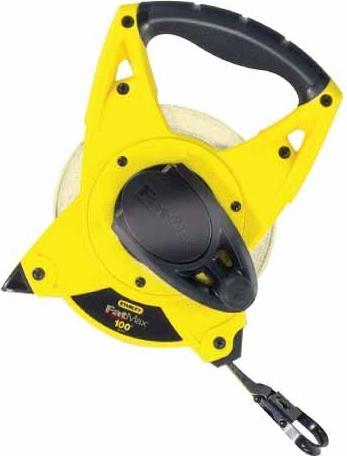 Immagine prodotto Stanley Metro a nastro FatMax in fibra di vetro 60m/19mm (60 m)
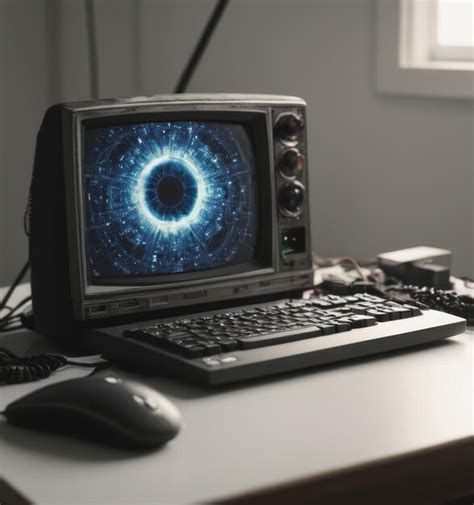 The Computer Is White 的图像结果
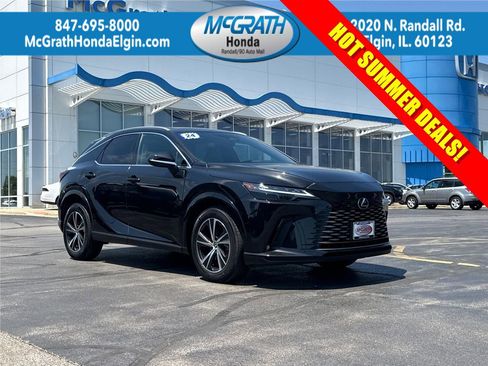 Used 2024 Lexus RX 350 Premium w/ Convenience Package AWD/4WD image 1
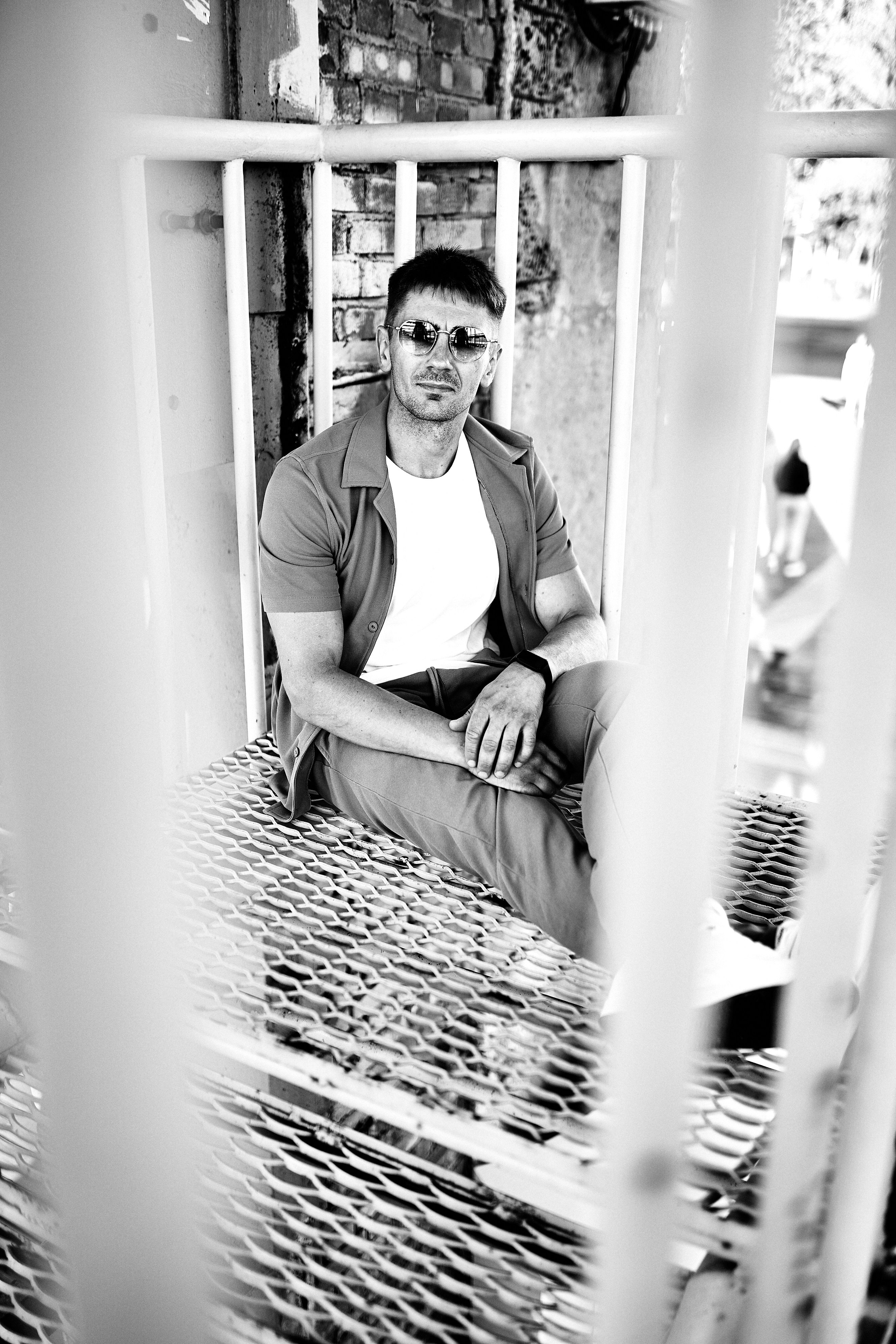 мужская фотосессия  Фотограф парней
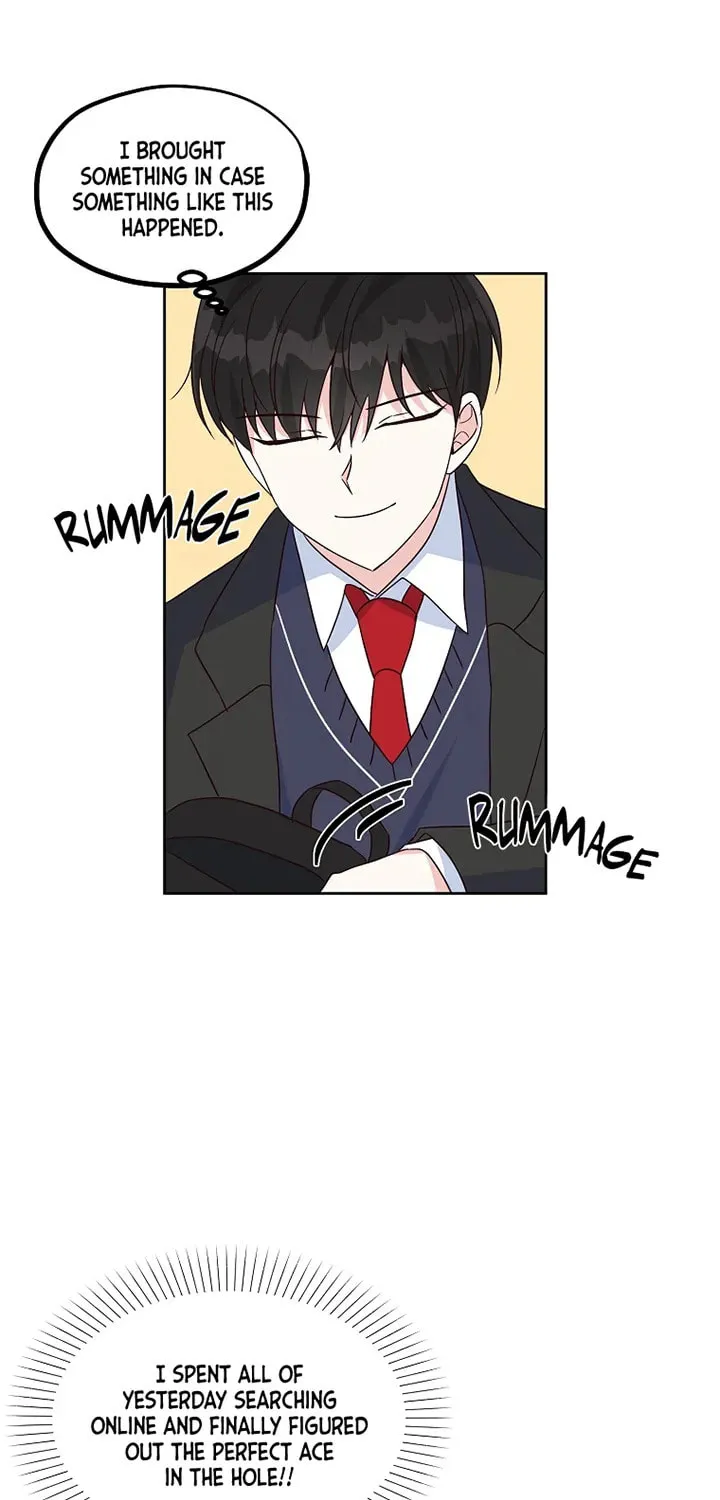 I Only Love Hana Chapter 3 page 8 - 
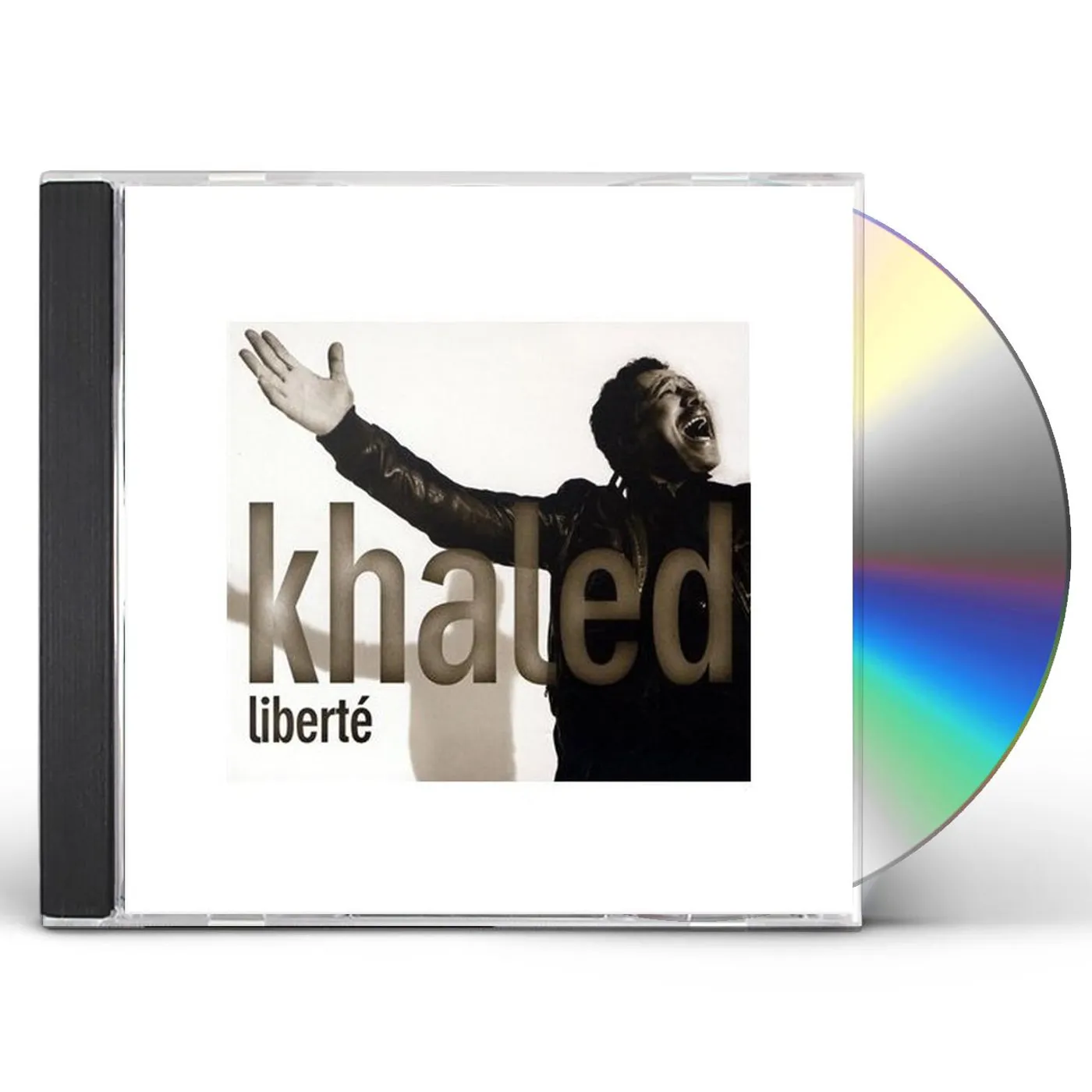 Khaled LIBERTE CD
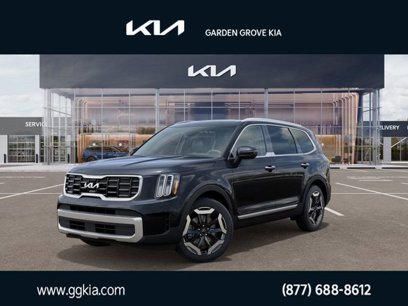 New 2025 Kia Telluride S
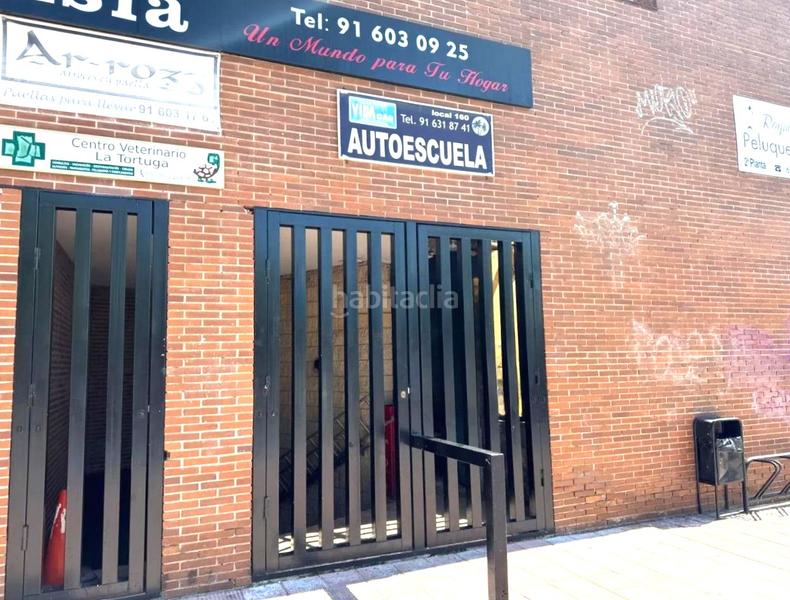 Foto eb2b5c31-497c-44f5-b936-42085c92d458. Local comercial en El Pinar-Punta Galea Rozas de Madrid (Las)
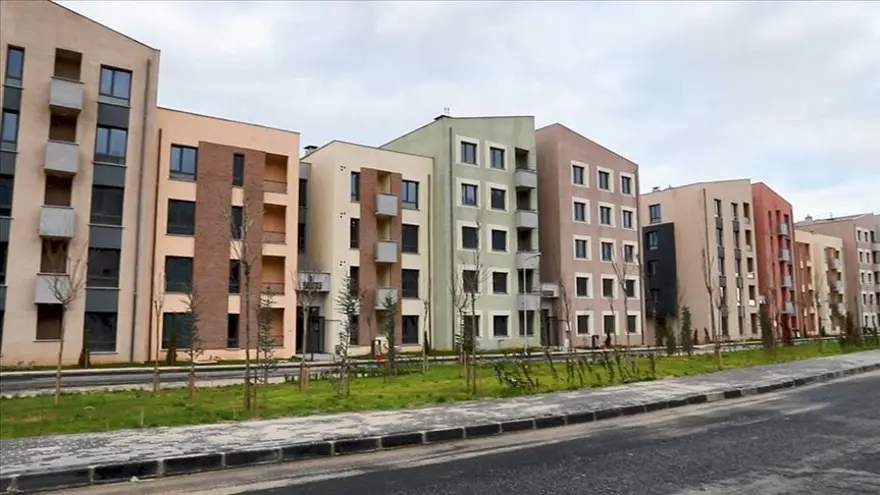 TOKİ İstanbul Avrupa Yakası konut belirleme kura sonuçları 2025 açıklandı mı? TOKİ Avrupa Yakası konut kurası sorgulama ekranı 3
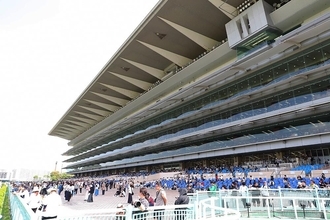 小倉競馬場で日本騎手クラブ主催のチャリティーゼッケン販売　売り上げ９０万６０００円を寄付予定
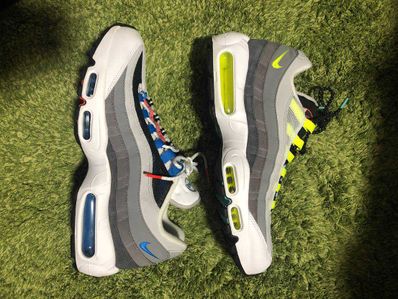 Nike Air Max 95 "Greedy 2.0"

§ **EXERCISE AIM**
Write out the data above in full and exactly, but not the pictures.

§ **EXERCISE OUTPUT**
 Immagine prodotto Stanley Metro a nastro FatMax in fibra di vetro 60m/19mm (60 m)
 The Computer Is White 的图像结果
 Used 2024 Lexus RX 350 Premium w/ Convenience Package AWD/4WD image 1
 мужская фотосессия  Фотограф парней
 I Only Love Hana Chapter 3 page 8 - 
 Khaled LIBERTE CD
 New 2025 Kia Telluride S
 Foto eb2b5c31-497c-44f5-b936-42085c92d458. Local comercial en El Pinar-Punta Galea Rozas de Madrid (Las)
 TOKİ İstanbul Avrupa Yakası konut belirleme kura sonuçları 2025 açıklandı mı? TOKİ Avrupa Yakası konut kurası sorgulama ekranı 3
 小倉競馬場で日本騎手クラブ主催のチャリティーゼッケン販売　売り上げ９０万６０００円を寄付予定
 Nike Air Max 95 "Greedy 2.0"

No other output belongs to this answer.